Sabitfikir
Künye | Yazarlar | Giriş Yap

Eleştiri

Eleştiri

A ile B arasında



Toplam oy: 1508
Jennifer Egan
Pegasus Yayınları
'İt Kopuk Takımı' kısa hikayeler toplamı tarzında kurgulanmış bir roman. Belli bir merkezi, öne çıkan bir roman kahramanı yok. Anlatının odaklandığı kişilerin ve anlatıcı sesin sürekli değiştiği çok merkezli bir roman.

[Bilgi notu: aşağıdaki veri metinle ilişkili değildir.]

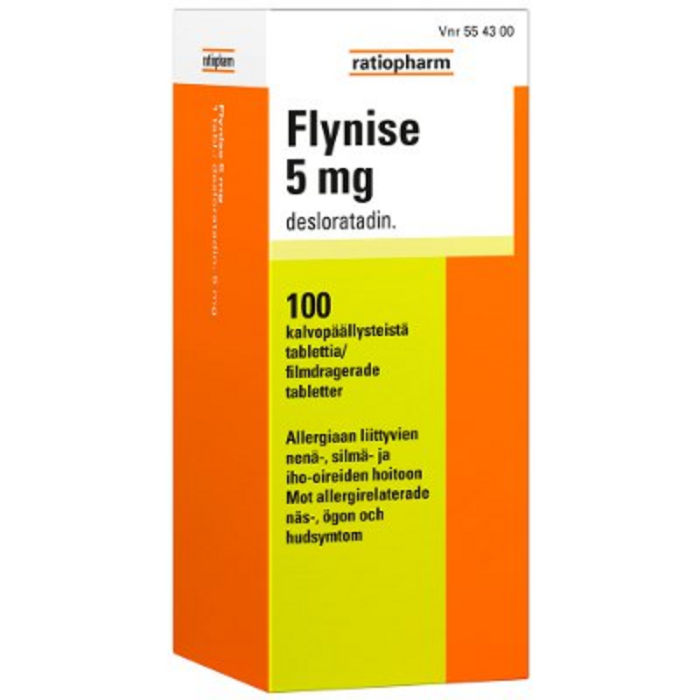 FLYNISE 5 mg 100 fol tabletti, kalvopäällysteinen-13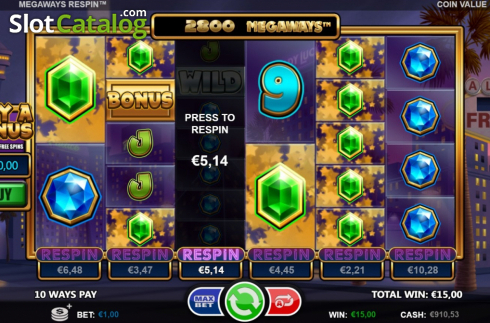 Οθόνη5. Megaways Respin Κουλοχέρης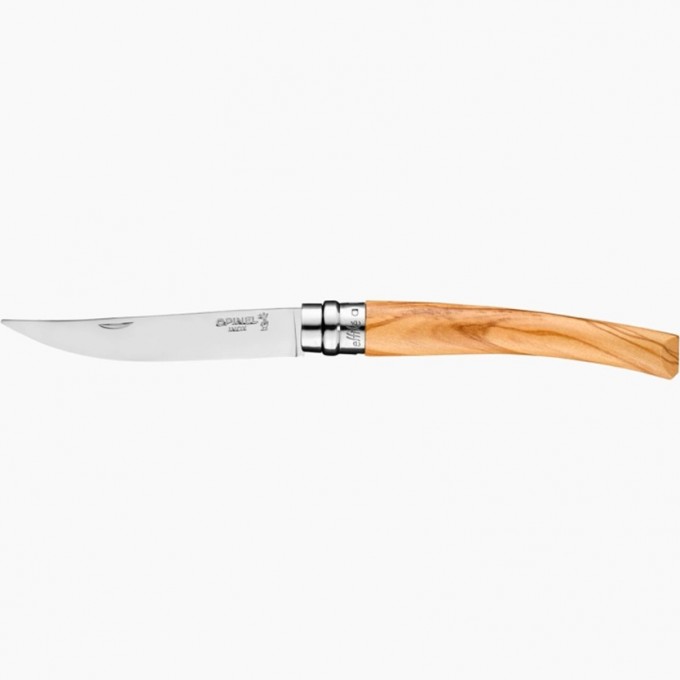 Нож филейный OPINEL №10, нержавеющая сталь, рукоять оливковое дерево 002562 Нож филейный OPINEL №10, нержавеющая сталь, рукоять оливковое дерево 002562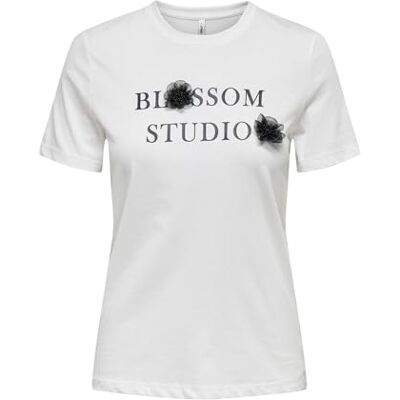ONLY Onlblossom Life S/S Top Box JRS ONLY Onlblossom Life S/S Top Box JRS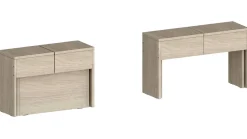 Panca estensibile olmo 290x25x45h cm - Quedan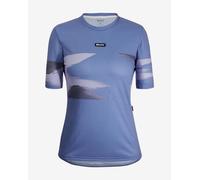 Santini Watt Short Sleeve T-shirt Blue L Women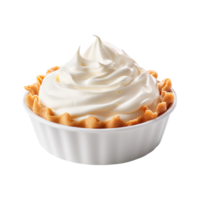 pie cream isolated on transparent background png
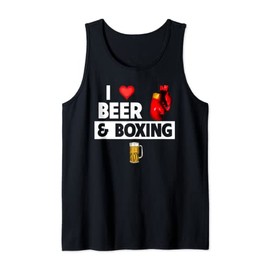 I Love Beer and Boxing Gloves Club Fighting Punching Bag Jab Tank Top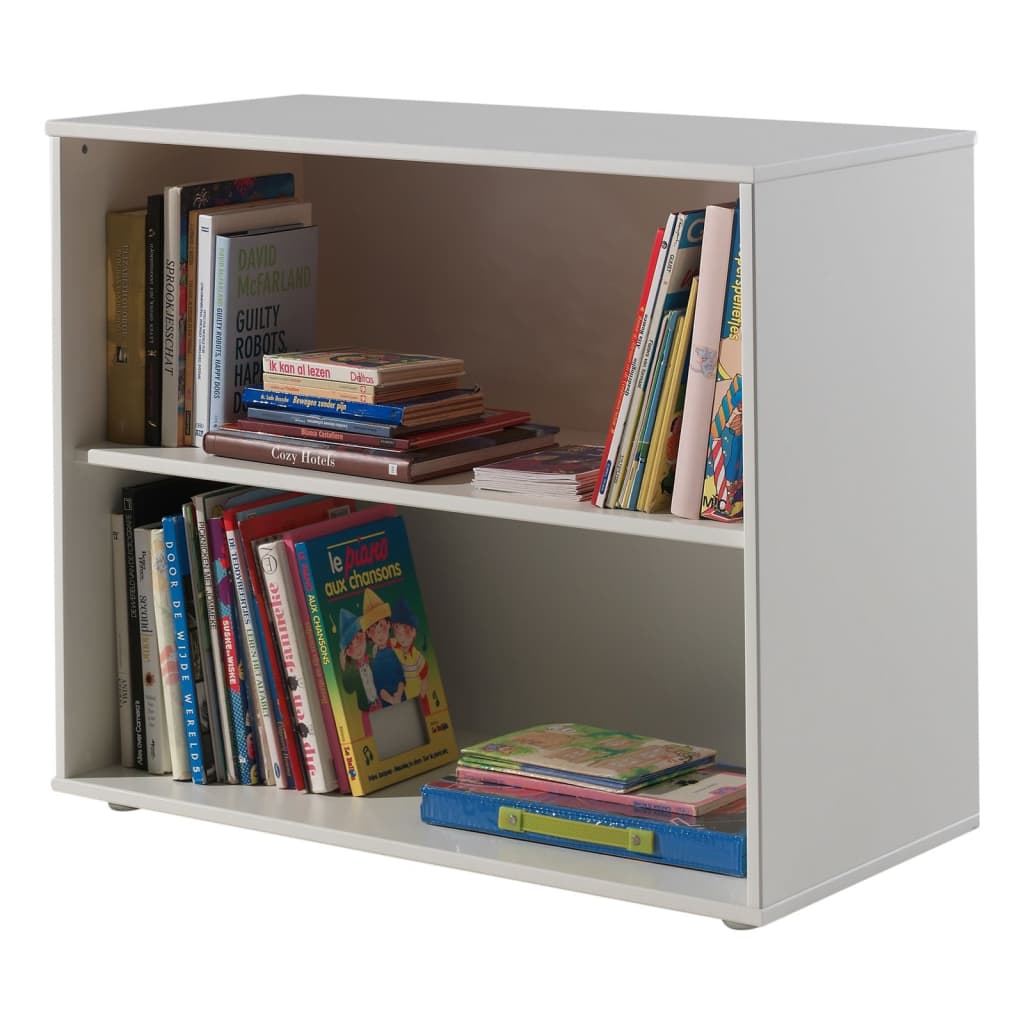 Vipack Bookcase Pino 2-tier Wood White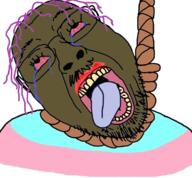 animated blackface brown_troonjak hanging spinning tranny // 760x704 // 259.6KB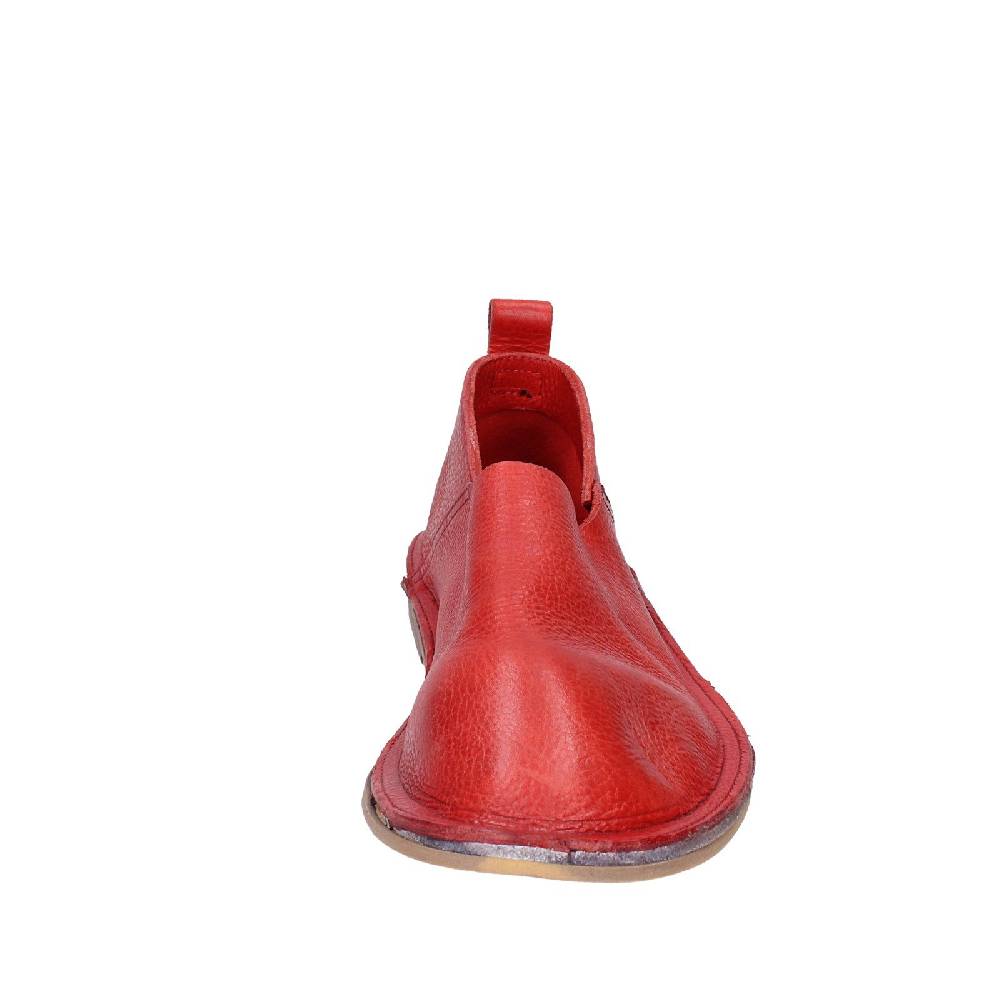 Scarpe Donna MOMA Mocassini Rosso Pelle VINTAGE SLIP ON EX461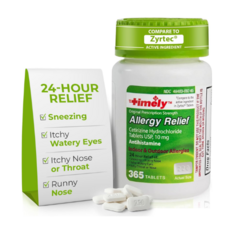 Viên Uống Dị Ứng Timely Allergy Relief Cetirizine HCl 10mg – Chai 365 Viên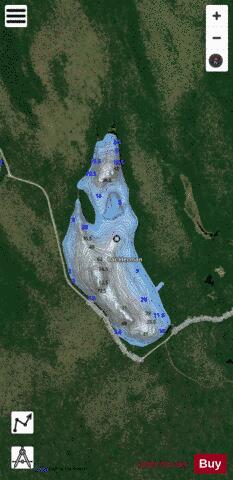 Herman, Lac depth contour Map - i-Boating App - Satellite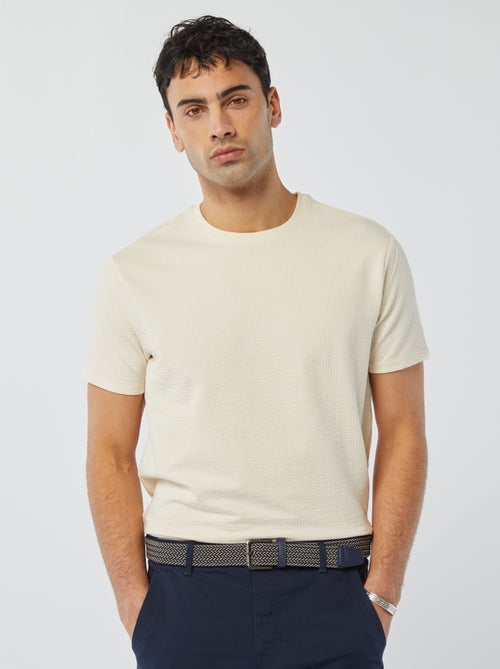 T-shirt in seersucker - Kiabi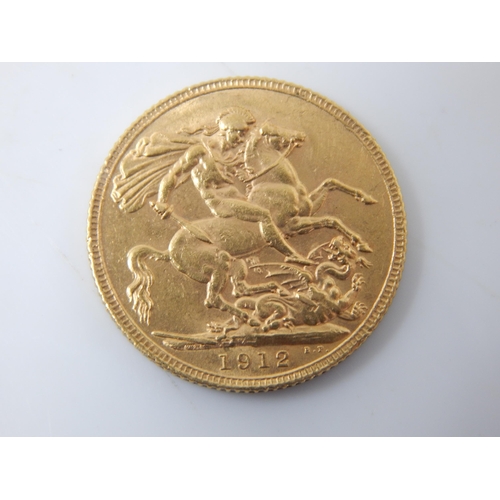 35B - KGV Full Gold Sovereign 1912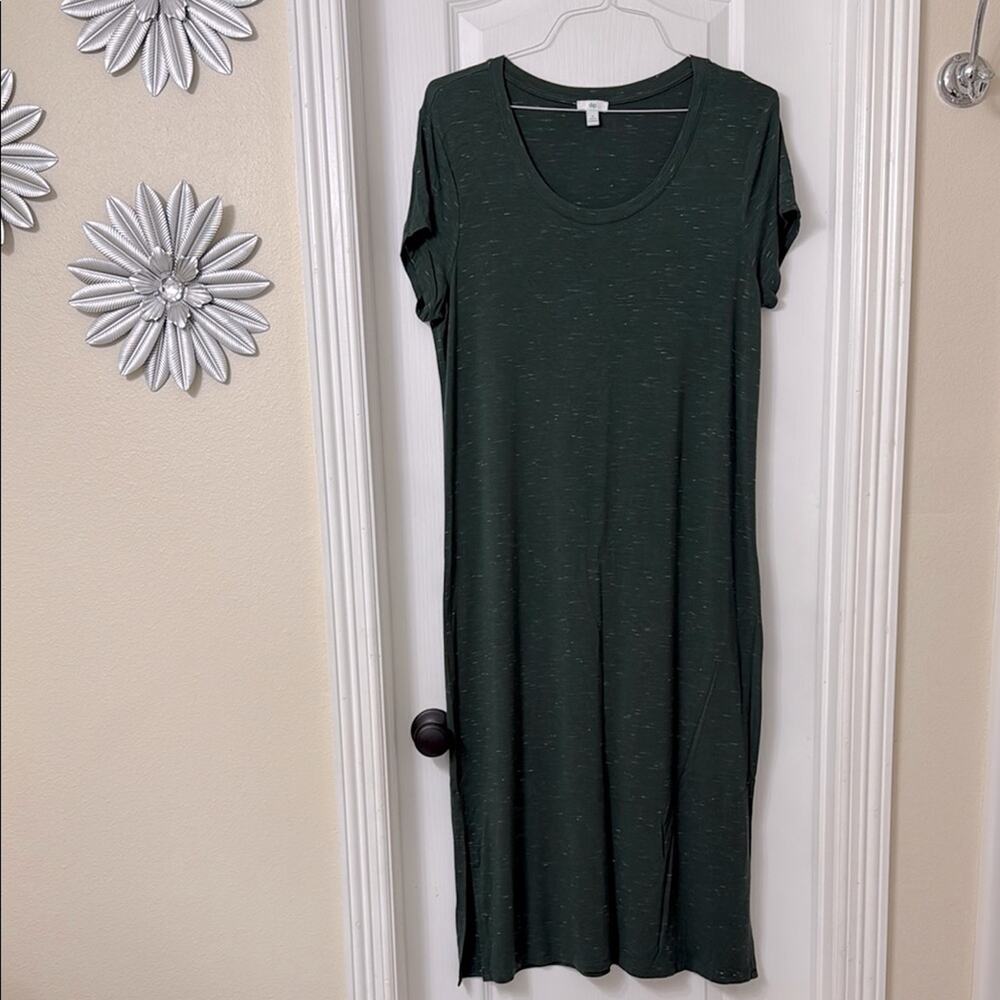 DIP green and white bodycon midi summer casual dress size M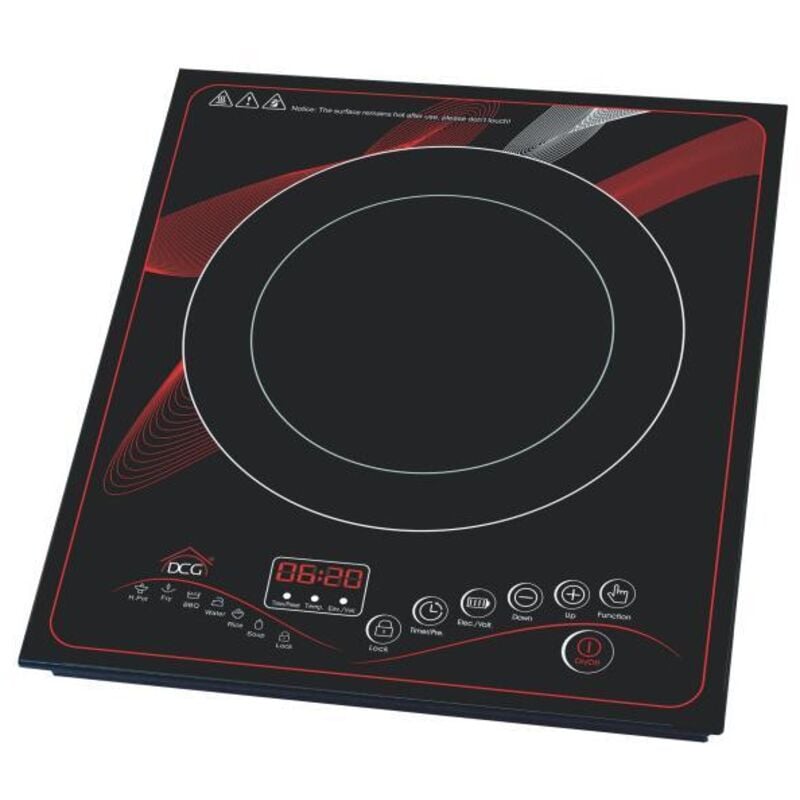 foto del prodotto dcg piastra ad induzione 1 fuoco 2.000 w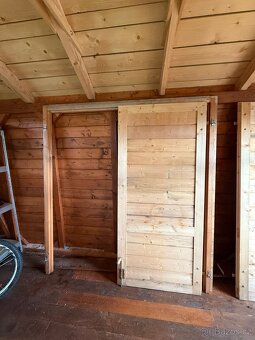 Drevená palubková vrata a dveře - 3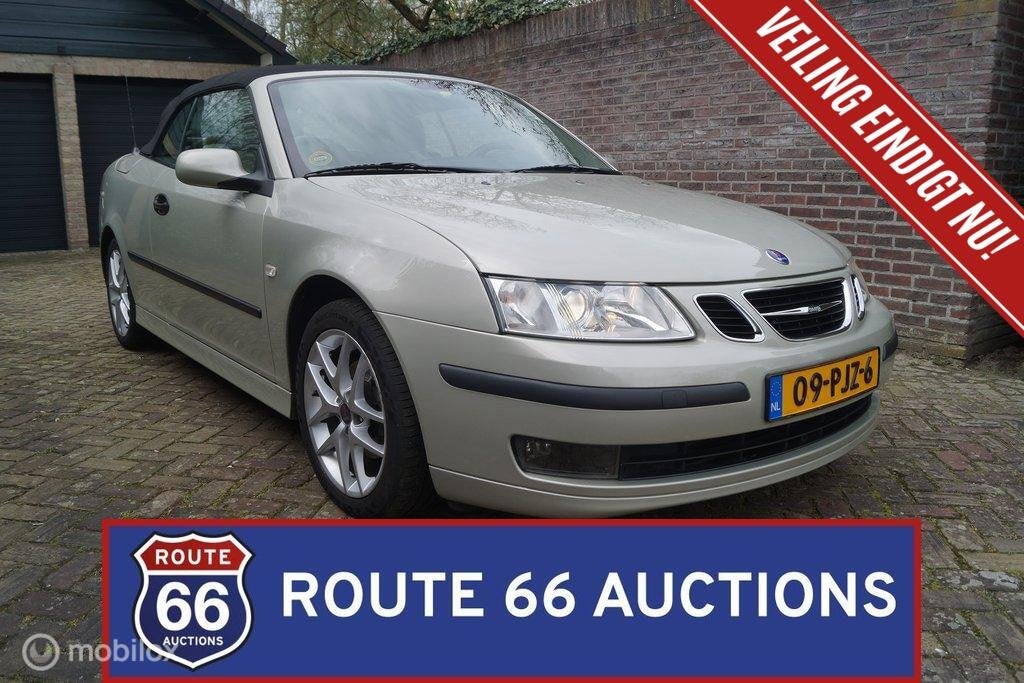 Saab 9-3 Cabriolet | 2007 | Route 66 Auctions, Autos, Achat, Entreprise, Boîte manuelle, Autre carrosserie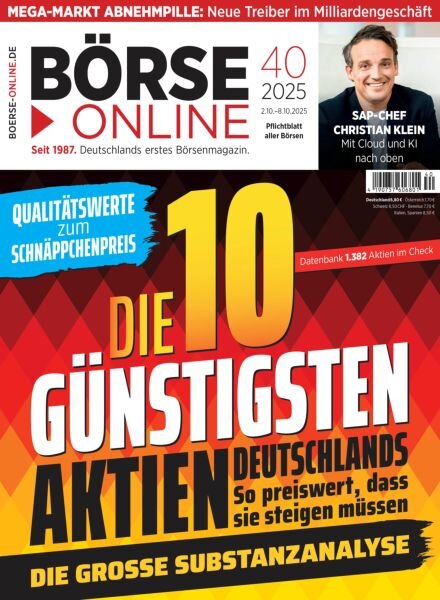 Borse Online – 2 Oktober 2025 Cover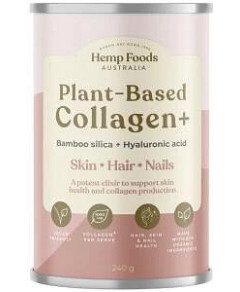 HEMP FOODS AUSTRALIA Plant-Based Collagen+ Bamboo Silica + Hyaluronic Acid 240g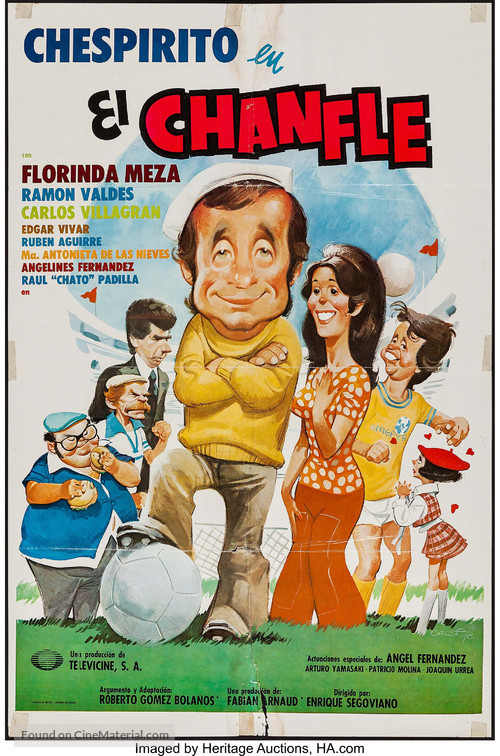 El chanfle - Mexican Movie Poster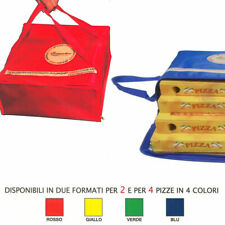 BORSA PER 4 PIZZE TERMICA 36x36x18H TRASPORTO BOX TRASPORTINO PIZZA 4 2025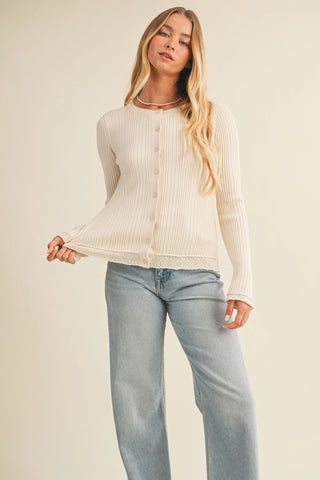 Love & Luxury Ribbed Sweater Cardigan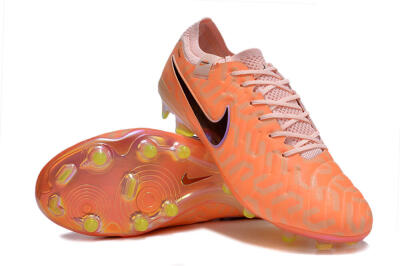 Nike Tiempo Legend 10 Elite FG Firm Ground Soccer Cleats - Orange/Black/Purple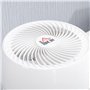 HOMCOM Mini Ventilateur de table, ventilateur Silentieux puissant 45W, 3 vitesses, oscillant à 70° multidirectionnelle, inclinai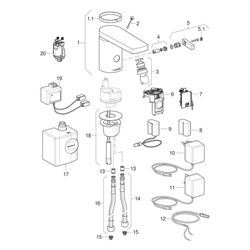 Geberit Typ 186 Waschtischarmatur Generatorbetrieb, Hochglanz verchromt, mit Unterti... GEBERIT-116366211 4025416149446 (Abb. 1)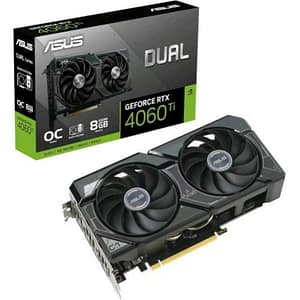 Asus dual-rtx4060ti-o8g-ssd nvidia geforce rtx 4060 ti 8 gb gddr6 dual fan pci express 4.0 1 x hdmi 2 x disaplyport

Jennifer Egan 1970'lerin San Fransico’sunda başlayıp 2020'lerin New York’unda sonlanan İt Kopuk Takımı'nda bir takım ideallerle yola çıkan müzik tutkunu gençlerin düzenle kaynaşmasının hikayesini anlatıyor.

 

İt Kopuk Takımı dördüncü romanı olmasına rağmen Jennifer Egan’ın Türkçeye çevrilen ilk romanı. Kısacası tanımadığımız bir yazar ama 21.yüzyıl Amerikan edebiyatının yükselen yıldızlarından birisi olarak gösterilen Egan ismini önümüzdeki yıllada sıklıkla duyabilirsiniz. The Invisible Circus (Görünmez Sirk)(1995), Look at Me (Bana Bak)(2001), The Keep (Saklamak)(2006), İt Kopuk Takımı (2010) adlı romanlarının yanı sıra Emerald City (Emerald Şehri)(1993) ve Black Box (Kara Kutu)(2012) adlı iki de öykü kitabı yayımladı.

 

 

 

 

1962 Chicago doğumlu. Yüksek öğrenimini Pennsylvaniya Üniversitesi, St. Johns Koleji ve Cambidge Üniversite’sinde tamamlayan Egan, 1987 yılında New York’a yerleştı ve yazarlık eğitimi almaya başladı. Geçimini temin etmek için bir dizi tuhaf işe girdi; Dünya Ticaret Merkezi’ne catering hizmetleri veren bir firmada, uluslararası davalara bakan bir avukatlık şirketinde, önce bir kontesin yanında sonra casusluk teşkilatı OSS’de özel sekreterlik görevinde çalıştı. Öğrencilik yıllarında Çin’i, Sovyetler Birliği’ni, Japonya’yı ve Avrupa’nın hemen her ülkesini dolaşmış ve gezilerinden edindiği izlenimleri 2005 yılında yayımlanan ilk romanı The Invisible Circus (Görünmez Sirk)' ta kullanmıştı. Öykü ve romanlarına iş hayatı ve casusluk dünyasındaki tecrübelerini de yansıttı. Look at Me (Bana Bak) romanıyla 2001 National Book ödülü finalisti olan yazar 2009 NAMI Üstün Medya Ödülü'ne layık görülmüş, İt Kopuk Takımı romanıyla 2011 Pulitzer Ödülü'nü, National Book eleşirmenler ödülünü ve LA Times Book Prize’i kazanmıştı. Ayrıca New York Times Magazine için 2002’de sokak çocukları üzerine yazdığı kapak hikayesiyle Carroll Kowal Gazetecilik Ödülü’ne de değer bulundu.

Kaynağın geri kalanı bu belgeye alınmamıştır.